* Supplied data:
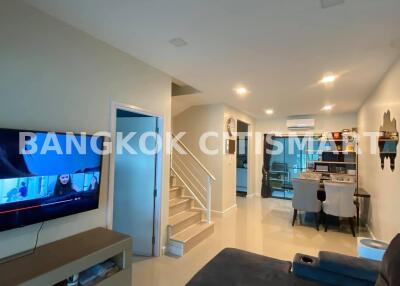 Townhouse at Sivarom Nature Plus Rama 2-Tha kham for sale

...

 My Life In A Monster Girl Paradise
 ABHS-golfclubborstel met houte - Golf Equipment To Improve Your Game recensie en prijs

...

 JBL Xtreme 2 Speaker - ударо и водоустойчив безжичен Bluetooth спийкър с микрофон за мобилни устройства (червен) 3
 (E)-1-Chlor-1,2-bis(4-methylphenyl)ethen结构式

* The problem:
A verbatim transcription is needed of the lines above, starting at the line with "JBL Xtreme 2" and ending at the line with "(E)-1-Chlor-1,2-bis(4-methyl", both included, and of nothing else.

* Answer box:
 JBL Xtreme 2 Speaker - ударо и водоустойчив безжичен Bluetooth спийкър с микрофон за мобилни устройства (червен) 3
 (E)-1-Chlor-1,2-bis(4-methylphenyl)ethen结构式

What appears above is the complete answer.